Frequently Asked Questions
What does The Campbell's Company actually sell, and is it still just soup?
No. While Campbell's is still the leading U.S. soup brand (condensed soups, Chunky, Pace, Prego, V8, Swanson, Pacific Foods, Rao's sauces), roughly half of its business is now snacks through brands like Goldfish, Pepperidge Farm, Snyder's of Hanover, Lance, Kettle Brand, and Cape Cod. The 2024 name change from Campbell Soup Company to The Campbell's Company reflects that broader portfolio. It reports in two segments: Meals & Beverages and Snacks.
What are Campbell's two reportable segments and which one is growing faster?
Campbell's reports Meals & Beverages (soups, sauces, broths, beverages) and Snacks (cookies, crackers, salty snacks, pretzels).
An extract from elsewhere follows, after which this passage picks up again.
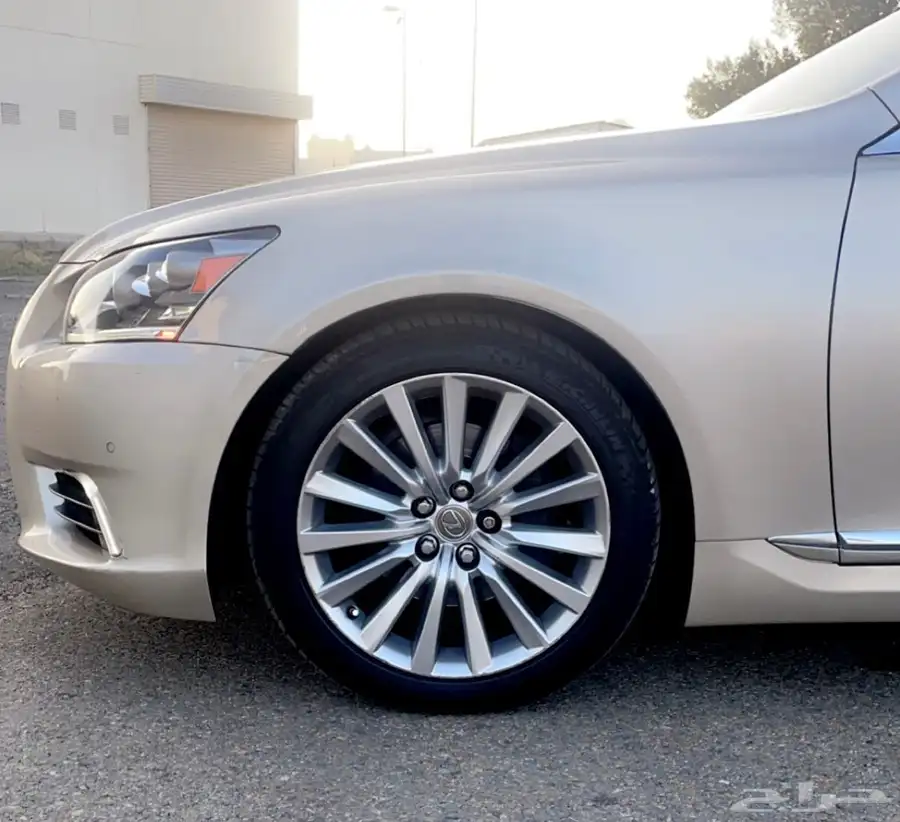 لكزس LS460 شورت 2015 2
Meals & Beverages is steadier and more seasonal, while Snacks has been positioned as the faster-growing, margin-expansion platform built around 'power brands.' Investors typically compare segment net sales and operating earnings each quarter to see which side is driving results.
How did the Sovos Brands / Rao's acquisition affect Campbell's filings?
The 2024 acquisition of Sovos Brands (owner of Rao's premium pasta sauces) boosted reported revenue and added a high-growth sauce business, but it was debt-funded, so the filings show higher leverage, more interest expense, and a larger goodwill and intangible-asset balance. The MD&A and footnotes discuss integration progress, expected synergies, and how reported sales differ from organic sales after the deal.
What should I watch most closely in Campbell's 10-K and 10-Q?
Focus on organic net sales versus reported sales, the split between volume/mix and pricing, segment operating earnings for Meals & Beverages versus Snacks, gross-margin drivers (input-cost inflation versus cost-savings programs), net debt and deleveraging, and any goodwill or brand-impairment language. In 8-Ks, watch quarterly earnings, guidance updates, dividend declarations, and M&A or divestiture news.